◆ **What needs to be done**
All of the data should be restated exactly as it stands.

# # # # # # #

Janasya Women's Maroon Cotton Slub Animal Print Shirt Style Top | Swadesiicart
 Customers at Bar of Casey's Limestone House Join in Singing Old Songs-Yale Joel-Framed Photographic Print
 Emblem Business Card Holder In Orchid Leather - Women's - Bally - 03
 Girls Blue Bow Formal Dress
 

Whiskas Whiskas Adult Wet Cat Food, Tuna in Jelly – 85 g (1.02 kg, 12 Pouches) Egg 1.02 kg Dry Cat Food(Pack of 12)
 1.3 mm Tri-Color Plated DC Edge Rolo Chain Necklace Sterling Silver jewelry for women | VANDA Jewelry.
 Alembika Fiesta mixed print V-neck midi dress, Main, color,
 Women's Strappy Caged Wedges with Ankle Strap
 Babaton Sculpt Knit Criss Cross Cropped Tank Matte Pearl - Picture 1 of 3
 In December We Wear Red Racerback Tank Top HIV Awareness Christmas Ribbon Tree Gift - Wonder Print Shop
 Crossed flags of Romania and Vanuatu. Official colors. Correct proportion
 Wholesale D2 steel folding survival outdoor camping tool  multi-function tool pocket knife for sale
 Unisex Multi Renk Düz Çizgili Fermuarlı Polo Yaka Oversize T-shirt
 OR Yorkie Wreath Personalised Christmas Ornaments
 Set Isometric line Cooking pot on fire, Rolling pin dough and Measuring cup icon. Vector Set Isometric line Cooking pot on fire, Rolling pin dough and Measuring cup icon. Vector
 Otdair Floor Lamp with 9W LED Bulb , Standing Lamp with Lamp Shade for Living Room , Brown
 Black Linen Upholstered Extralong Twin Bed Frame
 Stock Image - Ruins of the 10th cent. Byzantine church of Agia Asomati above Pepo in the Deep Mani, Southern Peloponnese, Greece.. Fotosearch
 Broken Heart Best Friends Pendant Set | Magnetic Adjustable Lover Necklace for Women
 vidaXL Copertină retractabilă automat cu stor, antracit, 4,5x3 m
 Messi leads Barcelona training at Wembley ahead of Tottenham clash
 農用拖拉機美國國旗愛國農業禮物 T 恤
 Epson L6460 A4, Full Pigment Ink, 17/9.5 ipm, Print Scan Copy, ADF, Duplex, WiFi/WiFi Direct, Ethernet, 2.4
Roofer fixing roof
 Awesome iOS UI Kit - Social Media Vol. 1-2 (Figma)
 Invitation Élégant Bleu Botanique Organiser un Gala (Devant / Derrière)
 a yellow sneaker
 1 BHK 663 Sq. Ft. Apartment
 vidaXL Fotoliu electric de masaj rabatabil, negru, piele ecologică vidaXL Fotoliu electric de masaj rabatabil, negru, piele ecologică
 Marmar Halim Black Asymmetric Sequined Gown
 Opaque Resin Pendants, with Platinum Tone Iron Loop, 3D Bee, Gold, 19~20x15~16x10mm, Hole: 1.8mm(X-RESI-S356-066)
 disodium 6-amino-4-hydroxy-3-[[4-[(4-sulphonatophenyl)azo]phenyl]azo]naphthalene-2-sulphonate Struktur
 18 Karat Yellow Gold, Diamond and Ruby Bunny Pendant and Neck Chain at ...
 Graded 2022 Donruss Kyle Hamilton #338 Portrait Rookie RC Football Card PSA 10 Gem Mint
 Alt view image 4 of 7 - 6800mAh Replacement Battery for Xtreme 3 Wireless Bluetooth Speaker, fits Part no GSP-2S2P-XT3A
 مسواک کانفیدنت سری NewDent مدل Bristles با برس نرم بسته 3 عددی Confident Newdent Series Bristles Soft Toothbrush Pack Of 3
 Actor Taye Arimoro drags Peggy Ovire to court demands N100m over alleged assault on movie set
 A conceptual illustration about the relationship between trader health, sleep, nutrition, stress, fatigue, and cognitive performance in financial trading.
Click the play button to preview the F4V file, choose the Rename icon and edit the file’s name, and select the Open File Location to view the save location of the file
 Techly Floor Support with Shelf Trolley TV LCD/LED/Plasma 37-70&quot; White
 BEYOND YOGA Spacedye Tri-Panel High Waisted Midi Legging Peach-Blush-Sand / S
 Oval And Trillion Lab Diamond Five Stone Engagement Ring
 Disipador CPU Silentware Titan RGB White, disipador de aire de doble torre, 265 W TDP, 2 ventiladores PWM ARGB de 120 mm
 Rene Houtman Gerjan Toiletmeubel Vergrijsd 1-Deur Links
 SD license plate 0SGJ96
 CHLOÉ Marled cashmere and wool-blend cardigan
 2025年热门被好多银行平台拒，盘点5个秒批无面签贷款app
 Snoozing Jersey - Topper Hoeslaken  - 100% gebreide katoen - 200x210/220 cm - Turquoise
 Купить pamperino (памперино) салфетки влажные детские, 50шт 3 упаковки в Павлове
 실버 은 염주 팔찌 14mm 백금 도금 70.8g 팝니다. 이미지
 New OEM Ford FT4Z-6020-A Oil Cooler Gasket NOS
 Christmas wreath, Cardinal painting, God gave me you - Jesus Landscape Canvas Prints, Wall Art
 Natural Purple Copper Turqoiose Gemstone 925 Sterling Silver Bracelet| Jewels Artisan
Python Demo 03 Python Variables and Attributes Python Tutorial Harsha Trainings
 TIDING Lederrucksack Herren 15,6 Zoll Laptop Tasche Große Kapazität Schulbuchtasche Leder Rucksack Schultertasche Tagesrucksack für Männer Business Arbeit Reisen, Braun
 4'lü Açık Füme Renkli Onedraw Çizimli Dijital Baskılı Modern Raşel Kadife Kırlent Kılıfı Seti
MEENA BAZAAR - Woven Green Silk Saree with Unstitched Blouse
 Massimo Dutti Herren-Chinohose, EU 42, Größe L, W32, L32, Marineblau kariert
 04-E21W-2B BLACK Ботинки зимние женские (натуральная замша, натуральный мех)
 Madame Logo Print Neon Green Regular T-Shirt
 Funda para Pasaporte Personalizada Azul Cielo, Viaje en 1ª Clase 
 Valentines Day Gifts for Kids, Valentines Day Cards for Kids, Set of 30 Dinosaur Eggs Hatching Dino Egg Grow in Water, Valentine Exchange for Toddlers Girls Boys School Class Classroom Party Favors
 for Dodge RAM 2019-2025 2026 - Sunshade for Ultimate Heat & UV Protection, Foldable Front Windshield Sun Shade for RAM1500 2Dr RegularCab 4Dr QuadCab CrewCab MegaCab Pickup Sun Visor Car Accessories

# # # # # # #

◆ **Exercise solution**
Janasya Women's Maroon Cotton Slub Animal Print Shirt Style Top | Swadesiicart
 Customers at Bar of Casey's Limestone House Join in Singing Old Songs-Yale Joel-Framed Photographic Print
 Emblem Business Card Holder In Orchid Leather - Women's - Bally - 03
 Girls Blue Bow Formal Dress
 

Whiskas Whiskas Adult Wet Cat Food, Tuna in Jelly – 85 g (1.02 kg, 12 Pouches) Egg 1.02 kg Dry Cat Food(Pack of 12)
 1.3 mm Tri-Color Plated DC Edge Rolo Chain Necklace Sterling Silver jewelry for women | VANDA Jewelry.
 Alembika Fiesta mixed print V-neck midi dress, Main, color,
 Women's Strappy Caged Wedges with Ankle Strap
 Babaton Sculpt Knit Criss Cross Cropped Tank Matte Pearl - Picture 1 of 3
 In December We Wear Red Racerback Tank Top HIV Awareness Christmas Ribbon Tree Gift - Wonder Print Shop
 Crossed flags of Romania and Vanuatu. Official colors. Correct proportion
 Wholesale D2 steel folding survival outdoor camping tool  multi-function tool pocket knife for sale
 Unisex Multi Renk Düz Çizgili Fermuarlı Polo Yaka Oversize T-shirt
 OR Yorkie Wreath Personalised Christmas Ornaments
 Set Isometric line Cooking pot on fire, Rolling pin dough and Measuring cup icon. Vector Set Isometric line Cooking pot on fire, Rolling pin dough and Measuring cup icon. Vector
 Otdair Floor Lamp with 9W LED Bulb , Standing Lamp with Lamp Shade for Living Room , Brown
 Black Linen Upholstered Extralong Twin Bed Frame
 Stock Image - Ruins of the 10th cent. Byzantine church of Agia Asomati above Pepo in the Deep Mani, Southern Peloponnese, Greece.. Fotosearch
 Broken Heart Best Friends Pendant Set | Magnetic Adjustable Lover Necklace for Women
 vidaXL Copertină retractabilă automat cu stor, antracit, 4,5x3 m
 Messi leads Barcelona training at Wembley ahead of Tottenham clash
 農用拖拉機美國國旗愛國農業禮物 T 恤
 Epson L6460 A4, Full Pigment Ink, 17/9.5 ipm, Print Scan Copy, ADF, Duplex, WiFi/WiFi Direct, Ethernet, 2.4
Roofer fixing roof
 Awesome iOS UI Kit - Social Media Vol. 1-2 (Figma)
 Invitation Élégant Bleu Botanique Organiser un Gala (Devant / Derrière)
 a yellow sneaker
 1 BHK 663 Sq. Ft. Apartment
 vidaXL Fotoliu electric de masaj rabatabil, negru, piele ecologică vidaXL Fotoliu electric de masaj rabatabil, negru, piele ecologică
 Marmar Halim Black Asymmetric Sequined Gown
 Opaque Resin Pendants, with Platinum Tone Iron Loop, 3D Bee, Gold, 19~20x15~16x10mm, Hole: 1.8mm(X-RESI-S356-066)
 disodium 6-amino-4-hydroxy-3-[[4-[(4-sulphonatophenyl)azo]phenyl]azo]naphthalene-2-sulphonate Struktur
 18 Karat Yellow Gold, Diamond and Ruby Bunny Pendant and Neck Chain at ...
 Graded 2022 Donruss Kyle Hamilton #338 Portrait Rookie RC Football Card PSA 10 Gem Mint
 Alt view image 4 of 7 - 6800mAh Replacement Battery for Xtreme 3 Wireless Bluetooth Speaker, fits Part no GSP-2S2P-XT3A
 مسواک کانفیدنت سری NewDent مدل Bristles با برس نرم بسته 3 عددی Confident Newdent Series Bristles Soft Toothbrush Pack Of 3
 Actor Taye Arimoro drags Peggy Ovire to court demands N100m over alleged assault on movie set
 A conceptual illustration about the relationship between trader health, sleep, nutrition, stress, fatigue, and cognitive performance in financial trading.
Click the play button to preview the F4V file, choose the Rename icon and edit the file’s name, and select the Open File Location to view the save location of the file
 Techly Floor Support with Shelf Trolley TV LCD/LED/Plasma 37-70&quot; White
 BEYOND YOGA Spacedye Tri-Panel High Waisted Midi Legging Peach-Blush-Sand / S
 Oval And Trillion Lab Diamond Five Stone Engagement Ring
 Disipador CPU Silentware Titan RGB White, disipador de aire de doble torre, 265 W TDP, 2 ventiladores PWM ARGB de 120 mm
 Rene Houtman Gerjan Toiletmeubel Vergrijsd 1-Deur Links
 SD license plate 0SGJ96
 CHLOÉ Marled cashmere and wool-blend cardigan
 2025年热门被好多银行平台拒，盘点5个秒批无面签贷款app
 Snoozing Jersey - Topper Hoeslaken  - 100% gebreide katoen - 200x210/220 cm - Turquoise
 Купить pamperino (памперино) салфетки влажные детские, 50шт 3 упаковки в Павлове
 실버 은 염주 팔찌 14mm 백금 도금 70.8g 팝니다. 이미지
 New OEM Ford FT4Z-6020-A Oil Cooler Gasket NOS
 Christmas wreath, Cardinal painting, God gave me you - Jesus Landscape Canvas Prints, Wall Art
 Natural Purple Copper Turqoiose Gemstone 925 Sterling Silver Bracelet| Jewels Artisan
Python Demo 03 Python Variables and Attributes Python Tutorial Harsha Trainings
 TIDING Lederrucksack Herren 15,6 Zoll Laptop Tasche Große Kapazität Schulbuchtasche Leder Rucksack Schultertasche Tagesrucksack für Männer Business Arbeit Reisen, Braun
 4'lü Açık Füme Renkli Onedraw Çizimli Dijital Baskılı Modern Raşel Kadife Kırlent Kılıfı Seti
MEENA BAZAAR - Woven Green Silk Saree with Unstitched Blouse
 Massimo Dutti Herren-Chinohose, EU 42, Größe L, W32, L32, Marineblau kariert
 04-E21W-2B BLACK Ботинки зимние женские (натуральная замша, натуральный мех)
 Madame Logo Print Neon Green Regular T-Shirt
 Funda para Pasaporte Personalizada Azul Cielo, Viaje en 1ª Clase 
 Valentines Day Gifts for Kids, Valentines Day Cards for Kids, Set of 30 Dinosaur Eggs Hatching Dino Egg Grow in Water, Valentine Exchange for Toddlers Girls Boys School Class Classroom Party Favors
 for Dodge RAM 2019-2025 2026 - Sunshade for Ultimate Heat & UV Protection, Foldable Front Windshield Sun Shade for RAM1500 2Dr RegularCab 4Dr QuadCab CrewCab MegaCab Pickup Sun Visor Car Accessories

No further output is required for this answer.